The discussion was among the highlights of the weekly meeting of Parliament’s PAAC at Gordon House.
Dr Chang said the NHT has been focusing on finding solutions for the middle class and not paying enough attention to low-income workers, which was its original mandate
He said that, because of this, the Trust has been unable to provide benefits for more than 25 per cent of its contributors, since its inception in 1962.
Senior general manager at NHT Donald Moore said, while only 17 per cent of its income is contributed by workers earning $10,000 or less per week, that wage group has been obtaining 37 percent of the loans it has been providing.
“What we are trying to do is to provide solutions to all our contributors. So, for example, at the very, very low end of the scale, we are talking about service lots on which they can use their own means in sweat equity and so on. We are trying to do more houses for less. So, all the time, we are trying to see what solutions the contributor at the very lowest level of the income scale can afford.
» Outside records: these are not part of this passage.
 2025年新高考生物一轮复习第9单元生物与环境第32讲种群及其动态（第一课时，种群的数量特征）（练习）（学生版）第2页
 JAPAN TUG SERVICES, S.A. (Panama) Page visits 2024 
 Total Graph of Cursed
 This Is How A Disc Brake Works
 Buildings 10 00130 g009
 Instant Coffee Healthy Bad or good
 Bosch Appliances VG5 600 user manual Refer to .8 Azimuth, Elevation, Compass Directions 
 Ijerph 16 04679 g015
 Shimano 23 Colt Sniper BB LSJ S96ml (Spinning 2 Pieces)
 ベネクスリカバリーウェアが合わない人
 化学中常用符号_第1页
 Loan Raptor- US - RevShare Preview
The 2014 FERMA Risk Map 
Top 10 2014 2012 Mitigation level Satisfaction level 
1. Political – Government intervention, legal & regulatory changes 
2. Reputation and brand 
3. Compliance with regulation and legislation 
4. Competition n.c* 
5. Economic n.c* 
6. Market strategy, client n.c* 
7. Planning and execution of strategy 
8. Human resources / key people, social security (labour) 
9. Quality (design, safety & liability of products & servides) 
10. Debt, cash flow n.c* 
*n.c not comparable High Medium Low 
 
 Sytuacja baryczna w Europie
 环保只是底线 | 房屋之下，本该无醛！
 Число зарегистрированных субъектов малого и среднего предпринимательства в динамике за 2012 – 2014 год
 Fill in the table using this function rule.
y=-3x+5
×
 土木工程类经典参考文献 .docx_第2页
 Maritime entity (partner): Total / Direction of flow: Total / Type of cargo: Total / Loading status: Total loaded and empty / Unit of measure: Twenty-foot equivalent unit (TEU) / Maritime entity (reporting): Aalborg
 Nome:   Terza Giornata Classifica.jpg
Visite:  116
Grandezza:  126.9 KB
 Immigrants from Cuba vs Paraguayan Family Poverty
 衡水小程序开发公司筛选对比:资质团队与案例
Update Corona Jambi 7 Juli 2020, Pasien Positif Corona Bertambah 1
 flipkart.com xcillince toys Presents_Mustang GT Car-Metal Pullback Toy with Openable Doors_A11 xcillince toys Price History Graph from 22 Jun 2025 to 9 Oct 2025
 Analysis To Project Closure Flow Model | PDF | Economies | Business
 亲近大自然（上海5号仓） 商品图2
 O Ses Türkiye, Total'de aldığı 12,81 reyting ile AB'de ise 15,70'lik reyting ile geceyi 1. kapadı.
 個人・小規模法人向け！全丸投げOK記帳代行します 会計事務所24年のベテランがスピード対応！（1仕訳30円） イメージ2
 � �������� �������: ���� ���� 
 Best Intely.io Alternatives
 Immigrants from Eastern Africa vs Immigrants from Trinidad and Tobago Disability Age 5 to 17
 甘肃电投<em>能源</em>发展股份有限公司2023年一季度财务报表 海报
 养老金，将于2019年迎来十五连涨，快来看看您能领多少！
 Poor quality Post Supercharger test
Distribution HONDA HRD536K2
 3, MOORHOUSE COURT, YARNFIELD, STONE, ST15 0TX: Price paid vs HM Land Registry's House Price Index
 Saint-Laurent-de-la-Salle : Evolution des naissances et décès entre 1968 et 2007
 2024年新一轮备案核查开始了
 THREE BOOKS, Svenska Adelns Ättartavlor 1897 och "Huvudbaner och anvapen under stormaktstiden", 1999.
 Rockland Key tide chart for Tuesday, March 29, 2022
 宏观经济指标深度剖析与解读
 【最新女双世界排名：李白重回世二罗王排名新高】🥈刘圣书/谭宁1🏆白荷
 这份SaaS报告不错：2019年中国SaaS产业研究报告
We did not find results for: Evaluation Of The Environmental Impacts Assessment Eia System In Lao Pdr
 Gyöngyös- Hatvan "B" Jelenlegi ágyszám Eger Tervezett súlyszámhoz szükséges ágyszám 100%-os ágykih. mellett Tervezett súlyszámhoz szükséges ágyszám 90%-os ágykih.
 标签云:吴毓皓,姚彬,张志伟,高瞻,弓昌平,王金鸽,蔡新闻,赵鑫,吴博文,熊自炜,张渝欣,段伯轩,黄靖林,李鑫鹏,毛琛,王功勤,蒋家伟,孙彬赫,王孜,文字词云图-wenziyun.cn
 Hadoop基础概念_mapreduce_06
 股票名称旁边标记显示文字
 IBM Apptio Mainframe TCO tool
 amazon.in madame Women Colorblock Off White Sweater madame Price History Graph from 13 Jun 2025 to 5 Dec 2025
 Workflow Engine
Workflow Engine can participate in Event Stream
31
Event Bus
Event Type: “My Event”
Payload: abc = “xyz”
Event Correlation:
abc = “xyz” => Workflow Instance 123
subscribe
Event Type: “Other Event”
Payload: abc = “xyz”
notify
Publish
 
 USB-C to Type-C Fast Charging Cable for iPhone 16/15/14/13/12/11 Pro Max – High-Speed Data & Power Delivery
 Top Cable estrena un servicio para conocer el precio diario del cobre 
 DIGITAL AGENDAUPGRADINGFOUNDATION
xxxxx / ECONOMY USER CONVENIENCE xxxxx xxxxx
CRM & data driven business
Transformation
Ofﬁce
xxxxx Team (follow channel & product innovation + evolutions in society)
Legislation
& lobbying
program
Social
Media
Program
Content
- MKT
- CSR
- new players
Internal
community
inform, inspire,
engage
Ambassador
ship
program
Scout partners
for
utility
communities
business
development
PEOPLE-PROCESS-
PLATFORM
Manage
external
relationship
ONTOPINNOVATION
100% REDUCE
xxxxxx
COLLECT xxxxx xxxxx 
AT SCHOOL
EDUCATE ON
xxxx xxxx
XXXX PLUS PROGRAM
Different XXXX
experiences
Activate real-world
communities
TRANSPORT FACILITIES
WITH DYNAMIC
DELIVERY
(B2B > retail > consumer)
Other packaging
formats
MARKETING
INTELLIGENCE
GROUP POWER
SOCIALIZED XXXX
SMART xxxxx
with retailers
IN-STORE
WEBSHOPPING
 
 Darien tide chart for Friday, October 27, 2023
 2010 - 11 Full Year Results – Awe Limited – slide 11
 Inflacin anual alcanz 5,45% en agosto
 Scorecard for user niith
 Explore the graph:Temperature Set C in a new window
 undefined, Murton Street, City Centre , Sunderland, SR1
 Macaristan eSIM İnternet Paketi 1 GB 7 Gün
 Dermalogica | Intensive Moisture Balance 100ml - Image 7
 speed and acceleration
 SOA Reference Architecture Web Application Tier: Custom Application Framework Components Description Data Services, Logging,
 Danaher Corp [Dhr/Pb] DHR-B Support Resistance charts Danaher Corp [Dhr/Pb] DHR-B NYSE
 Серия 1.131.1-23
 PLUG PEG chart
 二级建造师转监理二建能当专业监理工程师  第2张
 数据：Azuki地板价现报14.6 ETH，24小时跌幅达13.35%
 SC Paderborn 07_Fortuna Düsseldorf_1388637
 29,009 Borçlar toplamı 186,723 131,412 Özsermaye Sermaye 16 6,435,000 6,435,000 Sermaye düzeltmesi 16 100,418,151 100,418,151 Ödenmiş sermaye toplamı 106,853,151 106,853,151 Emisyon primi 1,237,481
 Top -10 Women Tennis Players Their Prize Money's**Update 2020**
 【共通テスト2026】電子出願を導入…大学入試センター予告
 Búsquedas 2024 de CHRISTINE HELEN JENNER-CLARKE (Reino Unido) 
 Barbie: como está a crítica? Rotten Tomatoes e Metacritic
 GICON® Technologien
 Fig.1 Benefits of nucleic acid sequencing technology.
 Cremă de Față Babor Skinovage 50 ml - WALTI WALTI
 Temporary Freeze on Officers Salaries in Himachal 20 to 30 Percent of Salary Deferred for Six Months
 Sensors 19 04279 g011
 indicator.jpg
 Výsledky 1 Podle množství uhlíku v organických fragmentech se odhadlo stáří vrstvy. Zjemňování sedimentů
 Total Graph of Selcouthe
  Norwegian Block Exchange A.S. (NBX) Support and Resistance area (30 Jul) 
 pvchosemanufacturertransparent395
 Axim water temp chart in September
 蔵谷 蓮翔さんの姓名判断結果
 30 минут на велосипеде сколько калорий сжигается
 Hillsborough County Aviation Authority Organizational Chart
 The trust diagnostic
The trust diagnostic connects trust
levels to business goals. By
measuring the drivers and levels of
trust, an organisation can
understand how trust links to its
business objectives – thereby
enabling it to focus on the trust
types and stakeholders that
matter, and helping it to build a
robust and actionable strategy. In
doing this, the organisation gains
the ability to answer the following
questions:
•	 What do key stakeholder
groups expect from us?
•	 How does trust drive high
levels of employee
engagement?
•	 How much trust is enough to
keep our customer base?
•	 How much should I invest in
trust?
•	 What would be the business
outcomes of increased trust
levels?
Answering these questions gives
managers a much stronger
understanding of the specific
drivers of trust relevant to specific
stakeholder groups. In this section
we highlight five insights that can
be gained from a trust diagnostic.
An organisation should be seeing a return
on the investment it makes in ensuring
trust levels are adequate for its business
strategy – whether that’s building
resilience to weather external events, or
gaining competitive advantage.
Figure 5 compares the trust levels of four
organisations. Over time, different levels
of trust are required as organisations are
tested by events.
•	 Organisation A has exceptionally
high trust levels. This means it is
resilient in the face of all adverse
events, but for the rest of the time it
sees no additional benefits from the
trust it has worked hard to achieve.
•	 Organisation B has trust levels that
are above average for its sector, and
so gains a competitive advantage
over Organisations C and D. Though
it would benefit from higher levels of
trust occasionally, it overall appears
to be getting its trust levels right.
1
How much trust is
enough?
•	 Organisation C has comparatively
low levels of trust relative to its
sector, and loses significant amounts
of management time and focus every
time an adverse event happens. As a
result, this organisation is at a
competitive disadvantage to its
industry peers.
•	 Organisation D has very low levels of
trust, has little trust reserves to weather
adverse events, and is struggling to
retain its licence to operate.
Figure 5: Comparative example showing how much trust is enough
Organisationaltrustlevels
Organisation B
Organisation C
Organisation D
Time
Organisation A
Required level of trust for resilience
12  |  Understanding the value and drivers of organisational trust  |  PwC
That is the work that we are doing currently,” Moore said.
Chang, however, noted that the NHT’s housing stock this year was way below projections, and its delivery was below “if not significantly below” projections, while there should have been improvements if the programme was working.
“You are doing little bits of everything and not doing any thing very well, except for the administration. You need to focus on how you can get financing to these contributors,” the opposition spokesman said.
Permanent Secretary in the OPM, under which the NHT falls, Onika Miller, took offence to the suggestion that the Trust was ineffective.
“I totally concede the point that there are things that we need to do better, and we need to do it more efficiently, and in fact leveraging the partnerships is the way to go. And, to the extent there are persons who are contributing, that you have mentioned, who are in that underserved category, we must find solutions to be able to address them,” she said.
“So, I am not at all saying that we are doing everything that is absolutely possible, but I don’t think that the overall characterisation ought to be that the Housing Trust is not doing what it needs to do,” she added.
Opposition MP Edmund Bartlett, who chairs the PAAC, summed up that the policy direction of the NHT was not of its own doing, and therefore the Government should take the blame if the policy was failing.